DATA FOR REVIEW =
──────────────────────────────

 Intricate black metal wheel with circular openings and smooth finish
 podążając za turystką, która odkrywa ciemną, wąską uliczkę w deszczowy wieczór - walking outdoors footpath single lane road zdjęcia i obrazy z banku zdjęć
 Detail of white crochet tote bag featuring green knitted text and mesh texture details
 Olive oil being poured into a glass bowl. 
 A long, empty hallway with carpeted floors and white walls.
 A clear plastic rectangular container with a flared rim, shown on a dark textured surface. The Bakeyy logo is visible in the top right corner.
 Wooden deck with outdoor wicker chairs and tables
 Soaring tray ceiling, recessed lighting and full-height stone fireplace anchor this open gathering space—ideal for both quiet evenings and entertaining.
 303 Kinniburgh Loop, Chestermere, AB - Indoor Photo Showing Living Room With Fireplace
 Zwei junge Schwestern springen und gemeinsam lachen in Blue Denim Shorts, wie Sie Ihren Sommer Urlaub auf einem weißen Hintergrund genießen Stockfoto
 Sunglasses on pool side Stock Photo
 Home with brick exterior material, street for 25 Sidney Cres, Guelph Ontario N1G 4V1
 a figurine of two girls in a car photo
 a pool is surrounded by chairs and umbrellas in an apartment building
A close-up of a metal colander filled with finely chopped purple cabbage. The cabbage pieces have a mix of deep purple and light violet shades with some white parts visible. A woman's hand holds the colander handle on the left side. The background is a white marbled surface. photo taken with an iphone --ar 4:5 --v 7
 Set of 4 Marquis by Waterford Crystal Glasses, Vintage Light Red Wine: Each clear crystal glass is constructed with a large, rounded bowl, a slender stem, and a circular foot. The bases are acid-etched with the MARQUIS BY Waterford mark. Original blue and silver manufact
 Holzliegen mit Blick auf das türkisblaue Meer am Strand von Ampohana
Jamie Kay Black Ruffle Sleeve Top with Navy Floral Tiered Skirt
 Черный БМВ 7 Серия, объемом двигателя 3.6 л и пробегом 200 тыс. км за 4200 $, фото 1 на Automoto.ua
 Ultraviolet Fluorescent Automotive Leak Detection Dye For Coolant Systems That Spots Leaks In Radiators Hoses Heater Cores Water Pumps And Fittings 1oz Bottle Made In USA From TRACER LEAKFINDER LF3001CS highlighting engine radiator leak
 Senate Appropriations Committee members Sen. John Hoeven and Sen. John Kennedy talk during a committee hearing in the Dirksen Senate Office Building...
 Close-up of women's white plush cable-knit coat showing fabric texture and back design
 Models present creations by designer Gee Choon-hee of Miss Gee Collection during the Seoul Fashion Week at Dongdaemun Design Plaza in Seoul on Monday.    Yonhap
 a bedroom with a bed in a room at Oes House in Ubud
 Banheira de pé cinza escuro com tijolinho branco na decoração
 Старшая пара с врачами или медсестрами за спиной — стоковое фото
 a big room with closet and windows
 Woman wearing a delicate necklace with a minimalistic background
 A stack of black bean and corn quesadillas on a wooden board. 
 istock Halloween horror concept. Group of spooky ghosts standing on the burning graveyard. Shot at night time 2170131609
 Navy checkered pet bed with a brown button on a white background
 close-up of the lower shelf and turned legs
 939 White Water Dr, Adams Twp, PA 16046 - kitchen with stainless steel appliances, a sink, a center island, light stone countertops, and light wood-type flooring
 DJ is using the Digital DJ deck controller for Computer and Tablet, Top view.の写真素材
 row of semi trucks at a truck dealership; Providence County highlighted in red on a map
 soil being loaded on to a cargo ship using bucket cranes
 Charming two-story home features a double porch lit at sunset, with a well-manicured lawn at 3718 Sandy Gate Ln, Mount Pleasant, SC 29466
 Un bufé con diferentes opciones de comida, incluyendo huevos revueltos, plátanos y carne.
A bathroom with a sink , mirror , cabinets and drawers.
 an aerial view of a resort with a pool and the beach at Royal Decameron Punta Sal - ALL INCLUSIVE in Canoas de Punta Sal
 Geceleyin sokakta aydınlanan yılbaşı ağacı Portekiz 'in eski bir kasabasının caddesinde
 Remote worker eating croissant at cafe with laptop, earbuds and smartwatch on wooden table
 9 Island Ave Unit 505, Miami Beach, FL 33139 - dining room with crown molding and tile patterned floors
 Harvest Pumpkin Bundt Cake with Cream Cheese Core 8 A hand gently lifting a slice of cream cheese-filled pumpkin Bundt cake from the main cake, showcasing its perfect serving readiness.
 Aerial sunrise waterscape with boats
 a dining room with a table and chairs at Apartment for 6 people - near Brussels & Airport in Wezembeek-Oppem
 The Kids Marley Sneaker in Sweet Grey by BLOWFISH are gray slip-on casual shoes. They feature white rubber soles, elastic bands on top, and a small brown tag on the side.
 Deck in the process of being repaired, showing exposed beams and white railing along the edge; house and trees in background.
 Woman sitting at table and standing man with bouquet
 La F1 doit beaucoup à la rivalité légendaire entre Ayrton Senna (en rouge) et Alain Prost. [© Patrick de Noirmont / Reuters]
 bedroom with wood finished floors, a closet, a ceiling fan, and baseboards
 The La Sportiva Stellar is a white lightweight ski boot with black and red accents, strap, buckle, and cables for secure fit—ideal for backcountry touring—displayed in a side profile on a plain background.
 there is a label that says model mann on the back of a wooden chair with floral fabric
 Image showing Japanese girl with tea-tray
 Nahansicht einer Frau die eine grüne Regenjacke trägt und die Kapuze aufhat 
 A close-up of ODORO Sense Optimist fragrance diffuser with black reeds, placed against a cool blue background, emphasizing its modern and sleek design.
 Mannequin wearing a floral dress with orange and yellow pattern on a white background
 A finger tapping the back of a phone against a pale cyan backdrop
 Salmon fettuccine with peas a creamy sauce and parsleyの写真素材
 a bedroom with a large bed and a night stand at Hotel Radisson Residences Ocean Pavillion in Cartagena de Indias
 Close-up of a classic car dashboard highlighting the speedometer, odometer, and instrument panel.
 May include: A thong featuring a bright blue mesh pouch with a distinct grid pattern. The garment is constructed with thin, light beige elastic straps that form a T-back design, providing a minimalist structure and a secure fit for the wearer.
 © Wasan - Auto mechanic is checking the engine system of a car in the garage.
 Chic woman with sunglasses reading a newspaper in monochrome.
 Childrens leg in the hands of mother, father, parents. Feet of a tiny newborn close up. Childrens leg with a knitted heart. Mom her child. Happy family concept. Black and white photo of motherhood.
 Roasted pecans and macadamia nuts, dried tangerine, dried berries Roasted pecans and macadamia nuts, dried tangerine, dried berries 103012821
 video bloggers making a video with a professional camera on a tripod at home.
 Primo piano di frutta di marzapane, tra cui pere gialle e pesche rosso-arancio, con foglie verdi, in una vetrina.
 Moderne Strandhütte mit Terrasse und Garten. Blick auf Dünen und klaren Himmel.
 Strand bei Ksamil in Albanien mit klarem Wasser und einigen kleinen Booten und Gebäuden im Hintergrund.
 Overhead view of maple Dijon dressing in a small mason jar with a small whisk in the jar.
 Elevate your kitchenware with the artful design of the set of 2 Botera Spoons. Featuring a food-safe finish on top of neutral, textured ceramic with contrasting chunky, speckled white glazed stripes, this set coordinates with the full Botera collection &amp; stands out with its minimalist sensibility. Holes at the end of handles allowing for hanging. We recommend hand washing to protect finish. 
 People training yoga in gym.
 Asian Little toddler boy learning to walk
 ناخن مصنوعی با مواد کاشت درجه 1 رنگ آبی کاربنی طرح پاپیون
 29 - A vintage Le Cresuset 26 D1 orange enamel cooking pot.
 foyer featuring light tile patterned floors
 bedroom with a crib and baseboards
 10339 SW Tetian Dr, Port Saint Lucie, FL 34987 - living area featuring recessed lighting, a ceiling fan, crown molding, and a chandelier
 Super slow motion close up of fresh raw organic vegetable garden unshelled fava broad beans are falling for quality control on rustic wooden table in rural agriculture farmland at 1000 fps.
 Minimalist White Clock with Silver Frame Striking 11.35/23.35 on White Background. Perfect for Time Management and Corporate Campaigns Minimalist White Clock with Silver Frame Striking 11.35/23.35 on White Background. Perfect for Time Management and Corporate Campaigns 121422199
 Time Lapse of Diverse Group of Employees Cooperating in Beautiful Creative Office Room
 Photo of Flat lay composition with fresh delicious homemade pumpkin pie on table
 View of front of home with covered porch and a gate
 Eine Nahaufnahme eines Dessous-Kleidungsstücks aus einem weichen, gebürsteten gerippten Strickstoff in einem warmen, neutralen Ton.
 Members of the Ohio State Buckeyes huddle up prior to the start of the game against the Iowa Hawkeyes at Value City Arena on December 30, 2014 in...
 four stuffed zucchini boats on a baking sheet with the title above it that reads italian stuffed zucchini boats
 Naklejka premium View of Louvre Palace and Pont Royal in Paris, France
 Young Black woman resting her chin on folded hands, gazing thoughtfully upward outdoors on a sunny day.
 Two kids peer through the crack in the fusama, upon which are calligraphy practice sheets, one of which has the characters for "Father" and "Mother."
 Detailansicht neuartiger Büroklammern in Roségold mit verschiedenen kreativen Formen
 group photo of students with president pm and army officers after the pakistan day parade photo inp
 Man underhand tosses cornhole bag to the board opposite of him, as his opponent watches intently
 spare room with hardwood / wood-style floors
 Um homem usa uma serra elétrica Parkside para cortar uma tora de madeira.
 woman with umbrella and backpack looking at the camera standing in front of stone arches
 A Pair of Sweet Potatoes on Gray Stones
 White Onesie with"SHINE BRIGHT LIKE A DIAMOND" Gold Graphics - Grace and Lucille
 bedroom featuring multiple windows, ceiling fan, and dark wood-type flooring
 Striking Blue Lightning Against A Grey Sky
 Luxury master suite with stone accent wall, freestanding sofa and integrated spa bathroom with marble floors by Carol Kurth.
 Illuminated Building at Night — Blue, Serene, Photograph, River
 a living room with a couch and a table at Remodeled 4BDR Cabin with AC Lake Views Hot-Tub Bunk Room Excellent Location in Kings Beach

──────────────────────────────

WORK ORDER = The required answer is the exact run of lines above starting at the line with "View of front" and ending at the line with "Members of the", with both ends present.

TASK SOLUTION =
 View of front of home with covered porch and a gate
 Eine Nahaufnahme eines Dessous-Kleidungsstücks aus einem weichen, gebürsteten gerippten Strickstoff in einem warmen, neutralen Ton.
 Members of the Ohio State Buckeyes huddle up prior to the start of the game against the Iowa Hawkeyes at Value City Arena on December 30, 2014 in...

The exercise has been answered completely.